Here are some tips to solve your problem:
1 - Read the file using another function:
> microbenchmark(
+ base = read.csv(file = "df-write-csv.csv", header = T),
+ readr = readr::read_csv("df-write-csv.csv"),
+ data.table = data.table::fread("df-write-csv.csv"),
+ rio = rio::import("df-write-csv.csv", format = "csv")
+ )
Unit: microseconds
expr min lq mean median uq max neval
base 1836.230 1912.1815 2253.6071 1980.3995 2282.1675 4148.787 100
readr 823.960 881.3625 1072.4790 921.6605 1120.2365 3538.359 100
data.table 327.759 364.4810 442.5933 402.3295 458.7895 920.436 100
rio 312.317 351.2260 444.1087 382.9325 439.7960 2938.490 100
See that reading the file with the fread
function of the data.table
or the import
function of the rio
is 4x faster than with the native function of R.

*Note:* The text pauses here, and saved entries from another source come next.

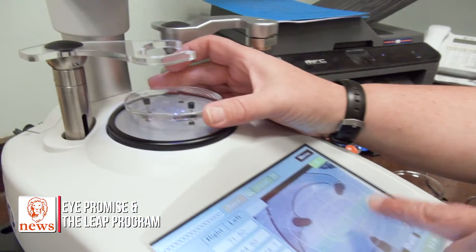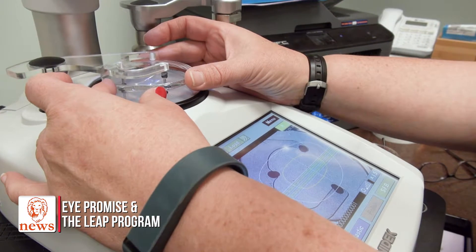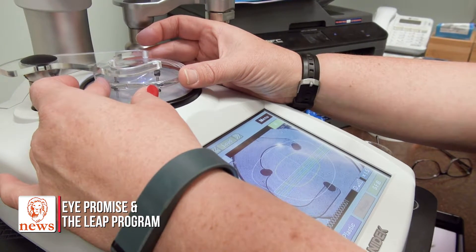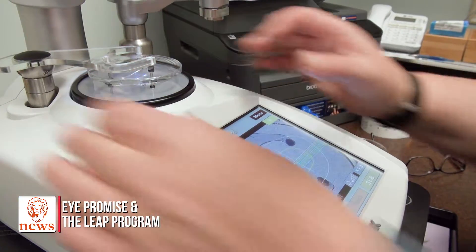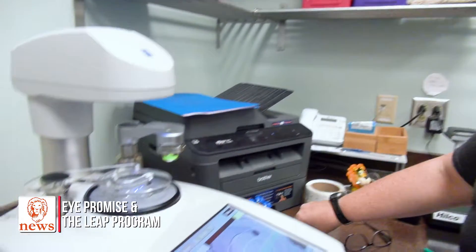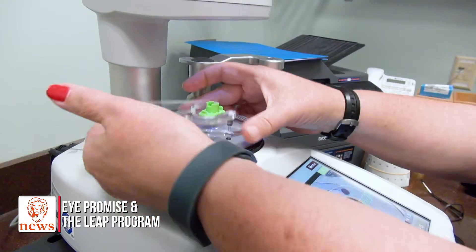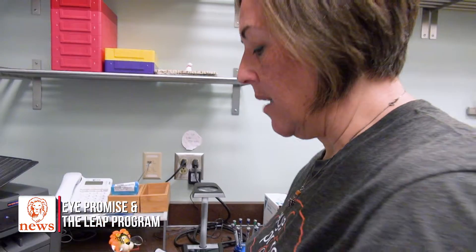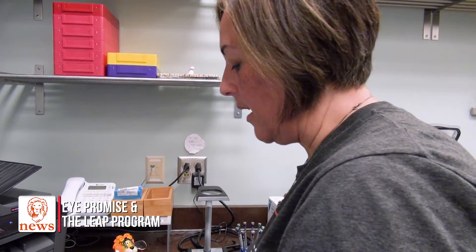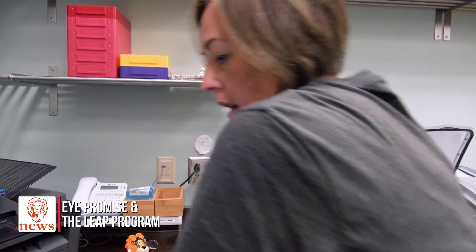We put the lens on — you can see the three dots that I marked. This allows us to line up the exact optical center for these glasses so everything fits nicely in the crosshairs. These are little chucks that we use; they have a sticky back on them and they hold the lens in place in our machine so it doesn't shift when we cut out our lenses.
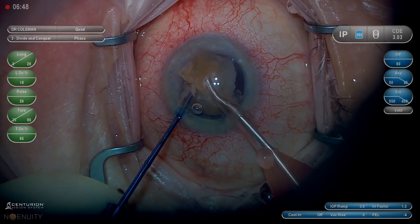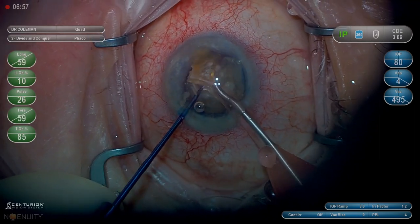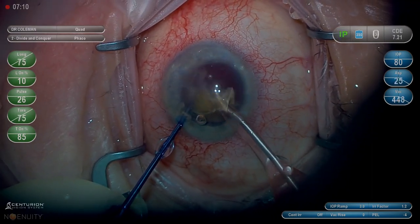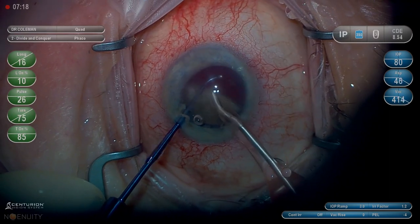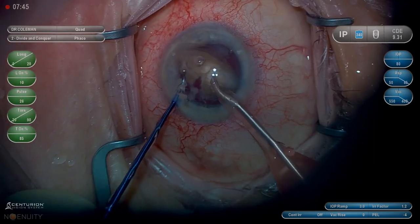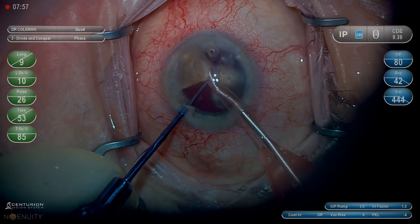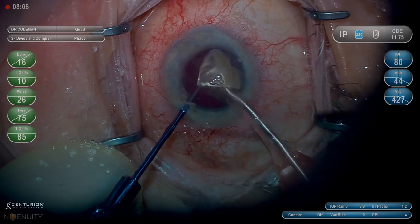It's important to note that you still have a hemi nucleus in the capsule bag that's protecting the posterior capsule, so it's not particularly important to hold your second instrument deep. That gets progressively more important as you remove more of the nucleus and there's less to hold the capsule back from touching the FACO tip. Now we have a hemi nucleus remaining — we'll bring it into the anterior chamber and use the Connector and the FACO tip to crack it into even quarters. Now is the time we have to start thinking about protecting deep with the Connector. Make sure your second instrument is not sharp at this point so that you can hold the capsule back and very efficiently FACO without worrying about it coming forward.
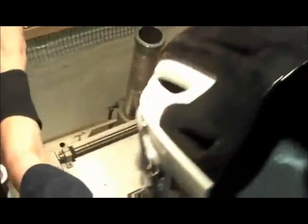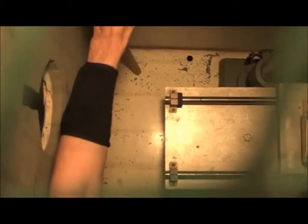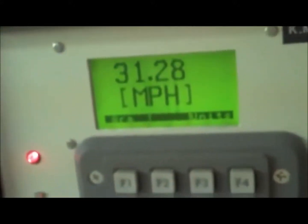Alright, are you ready for shot number two with the D3O forearm wrist guard? Here we go — one, two, three. Yep, totally fine. And that was about 31 miles per hour.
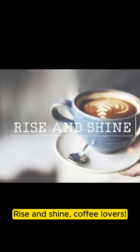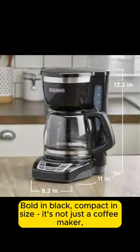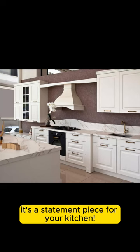Rise and shine, coffee lovers. Meet the Black & Decker CM1160B — your ticket to the perfect cup every morning. Bold in black, compact in size, it's not just a coffee maker. It's a statement piece for your kitchen.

Make sure you can actually read.
2 - Verify that you actually managed to filter your database. Save the subset result to an auxiliary object.
If the problem is this, try filtering using functions from other packages like dplyr
or data.table
.
When they are long operations, data.table
can be much faster.
> df <- data.frame(x = 1:100000, y = 1:100000, l = sample(letters, size = 100, replace = T))
> microbenchmark(
+ base = subset(df, l == "a"),
+ dplyr = dplyr::filter(df, l == "a"),
+ data.table = data.table(df)[l == "a",]
+ )
Unit: milliseconds
expr min lq mean median uq max neval
base 10.329514 12.467143 14.962479 13.976907 17.171858 24.3761 100
dplyr 7.331626 8.624356 10.063947 8.853807 11.140871 16.8939 100
data.table 2.986519 4.580536 6.774548 4.824227 5.957255 119.9709 100
3 - Use the function write_csv
of package readr
it is more or less 2x faster than the function write.csv
native of R.
microbenchmark(
base = write.csv(df, file = "df-write-csv.csv", row.names = F),
rio = rio::export(df, file = "df-rio.csv", format = "csv"),
readr = readr::write_csv(df, path = "df-readr.csv")
)
Unit: microseconds
expr min lq mean median uq max neval
base 713.564 1097.534 2025.377 1467.4980 2996.136 4168.352 100
rio 718.141 1156.998 2243.143 2011.5310 3106.479 7368.046 100
readr 366.306 594.629 1265.297 734.0445 1793.405 5852.142 100
Anyway, if you could read the 5GB file, it is very likely that you can also write it, since it is already in the RAM of your computer.